O sangue de Jesus foi derramado “por muitos” ou “por todos”?

– “Como se explicam as palavras da consagração eucarística [pré-Vaticano II]: ‘…sangue, que será derramado por vós e por muitos’? Jesus não morreu por todos?” (Deodato – São Paulo-SP).

A expressão «por muitos» na fórmula da consagração eucarística [pré-Vaticano II] se deriva de Marcos 14,24:

– «Este ó o meu sangue, o sangue da Aliança derramado por muitos» (cf.
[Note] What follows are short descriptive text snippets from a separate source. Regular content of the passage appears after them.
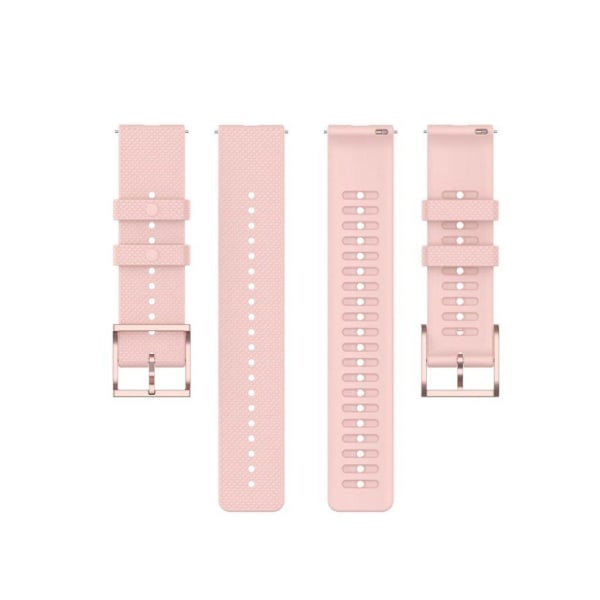 Polar Ignite silicone watch band - Light Pink Pink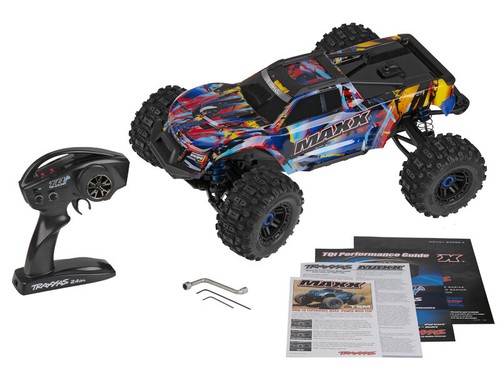 Traxxas wide maxx - traxxas, 1:10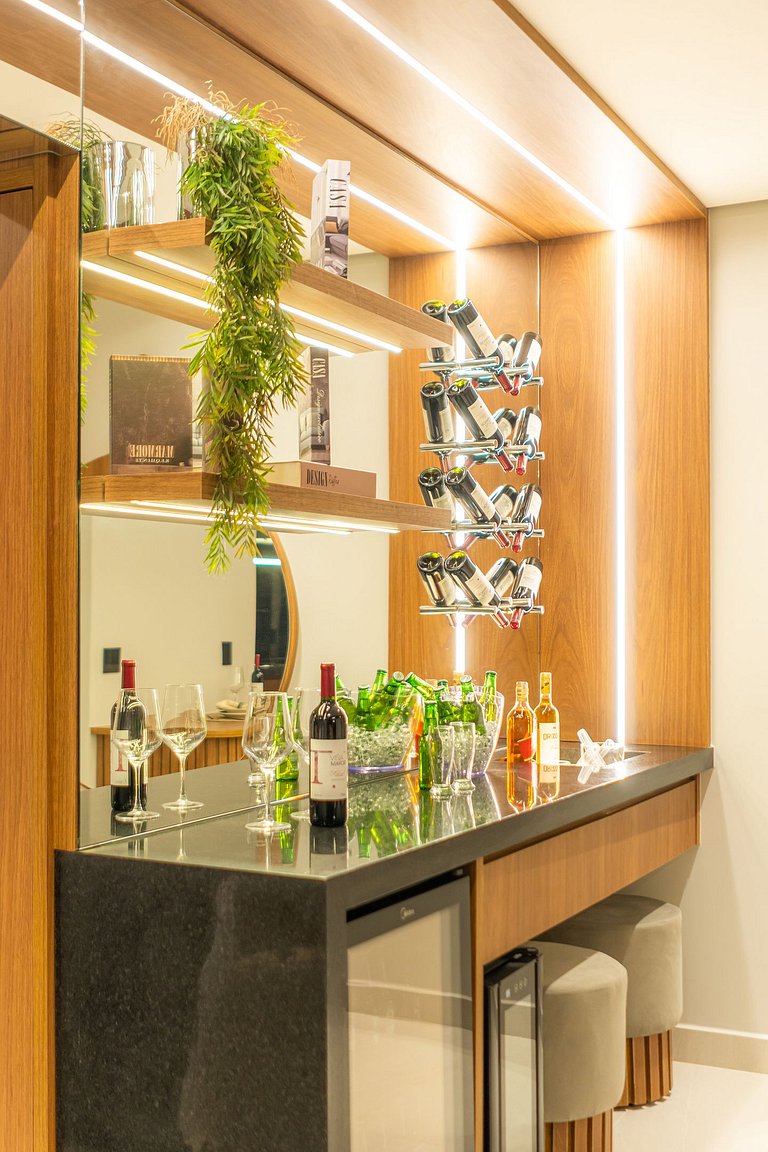 Experiência de luxo - Apartamento automatizado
Mateus 26,28).

Por sua vez, as palavras de Jesus na última ceia fazem eco a uma afirmação anterior de Cristo:

– «O Filho do Homem não veio para ser servido, mas para servir e dar a vida em resgate de muitos» (Marcos 10,45; cf. Mateus 20,28).

Ora, nestas passagens – principalmente na segunda – o Senhor parece reproduzir um texto de Isaías, em que Javé declara:

– «Quando meu servo tiver oferecido sua vida em resgate, vem uma posteridade (…) Por seus sofrimentos meu servo justificará a muitos. Por isto Eu lhe darei multidões em partilha» (Isaías 53,10-12).

A palavra hebraica “rabbim”, ocorrente nesta passagem do Antigo Testamento, indica não simplesmente um grande número de homens, mas a massa, que é também a totalidade dos homens. O profeta e, por conseguinte, também Jesus entendem realçar o contraste entre um, que será sacrificado, e o grande número, a massa ou também os outros, que serão resgatados. Por isto, alguns comentadores modernos de Mateus e Marcos traduzem o texto evangélico por «derramado em favor dos outros», não «de muitos». Esta interpretação é confirmada pelo texto de São Paulo, Romanos 5,12.15-19: o Apóstolo, referindo-se ao fato de que por um só homem – Adão – a coletividade do gênero humano foi constituída pecadora e por um só homem – Cristo – foi justificada, emprega como equivalentes um ao outro os termos “hoi pollói” (o grande número) e “pántes” (todos). Tal modo de falar tem significado positivo e enfático: inculca que a totalidade dos homens se compõe não de poucos indivíduos, mas de muitos; de modo nenhum quer dizer que alguém esteja excluído do número dos remidos.

Ainda em confirmação de quanto está acima dito, devem-se citar os manuscritos descobertos no deserto de Judá (Palestina); nestes documentos, de extraordinária importância para a exegese do Novo Testamento, a expressão “ha-rabbim” significa a “assembleia geral”, não um grupo restrito (cf. J. T. Milik, “Dix ans de découvertes dans le désert de Juda”, Paris, 1957, pp.65-66).